An diesem Mittwoch beginnt die Vorbereitung des Bundesligisten Allianz MTV Stuttgart. Ohne Pia Kästner. Das ist ein Nachteil für sie. Einerseits. Andererseits wird die Zeit, die ihr fehlt, um sich mit den Kolleginnen einzuspielen und sich gegen Neuzugang Madison Bugg (24/vom Dresdner SC) zu behaupten, ausgeglichen durch die Fortschritte, die sie beim Nationalteam macht. „Sie entwickelt sich super gut“, sagt Felix Koslowski, „eine Zuspielerin muss eine echte Type sein. Das ist Pia absolut!“

Pia Kästner hofft auf ein Ticket zur WM nach Japan

Kästner (1,80 m/sechs Länderspiele) genießt die Wertschätzung des Bundestrainers. Doch gleichzeitig weiß sie genau, wo sie steht: am Anfang. „Es ist cool und eine Ehre, erstmals den Sommer über beim Nationalteam zu sein“, sagt sie, „ich kann hier enorm viel lernen, von der Erfahrung der Älteren profitieren, mich weiter verbessern. Das alles ist sehr aufregend.“ Und es könnte noch spannender werden.

Im Oktober findet die WM in Japan statt. Zwei Zuspielerinnen wird Koslowski mitnehmen, gesetzt ist nur Denise Hanke (28) vom Schweriner SC. Der andere Platz? Ist noch nicht vergeben. „Pia Kästner“, sagt der Bundestrainer, „hat sehr gute Chancen, bei der WM dabei zu sein.“ Eher nicht, um dort viel zu spielen. Sondern um weitere wichtige Erfahrungen zu sammeln. „Es wäre fantastisch, schon im ersten Jahr für eine WM nominiert zu werden“, sagt Kästner, „ich könnte dort viel lernen. Und ich hätte große Lust, auf die großen Nationen zu treffen.“ Wenn’s nicht klappt? Würde sich die Perspektive verändern. Spätzle statt Sushi. Stuttgart statt Japan.

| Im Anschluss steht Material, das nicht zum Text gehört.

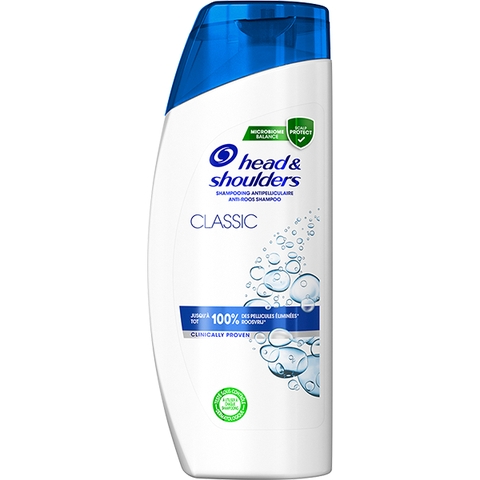 Dầu gội trị gàu, dưỡng tóc, làm dày tóc, dòng PRO cao cấp nhất của Head&Shoulders chính hãng Pháp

Mit zehn Spielerinnen startet MTV-Trainer Giannis Athanasopoulos in die Vorbereitung – nur ein Trio fehlt. Neben Kästner kämpfen auch die Neuzugänge Jana-Franziska Poll (30) und Sarah Wilhite (22/USA) noch um WM-Tickets. „Wenn’s klappt, stoßen sie erst kurz vor dem Bundesliga-Start zu uns, aber dieses Problem hat jeder Verein“, sagt MTV-Sportchefin Kim Renkema, „wir wären stolz, wenn es alle drei zur WM schaffen würden. Auch weil es ein Beleg dafür wäre, wie hoch das Niveau bei uns ist.“ Entsprechend groß ist allerdings der Konkurrenzkampf in Stuttgart. Auch unter den Zuspielerinnen.

Kim Renkema: „Pia Kästner kann eine ganz Große werden“

Ganz bewusst haben die Verantwortlichen des Vizemeisters als Nachfolgerin von Femke Stoltenborg keine neue Nummer eins für diese Position geholt. Sie wollen Pia Kästner fördern. Aber auch fordern. Das Rennen zwischen ihr und Madison Bugg gilt als völlig offen. „Wir haben zwei gleichwertige Zuspielerinnen“, meint Kim Renkema, „ich bin gespannt, wer sich durchsetzen wird.“ In der Gegenwart. Denn dass Pia Kästner die Zukunft gehört, daran hat die Sportchefin von Allianz MTV Stuttgart keine Zweifel: „Sie ist sehr kreativ, beherrscht alle Arten von Pässen, ist stark in Aufschlag und Abwehr, zudem sehr beweglich. Wenn sie noch etwas konstanter wird und ein noch besseres Gefühl dafür entwickelt, im richtigen Moment den richtigen Ball zu spielen, wird sie eine ganz Große.“ Bleibt nur die Frage: in Stuttgart?

Der Vertrag von Pia Kästner läuft noch ein Jahr – in dem sie nicht nur viel spielen, sondern auch einen Titel holen will. Um anschließend über ihre Zukunft zu entscheiden. „Ich fühle mich im Verein, im Team und in der Stadt sehr wohl“, sagt sie, „aber im Volleyball denkt man immer nur von Jahr zu Jahr.“ Und nicht daran, was womöglich schief gehen könnte. In der Halle. Oder beim Brückenbau auf dem Wasser.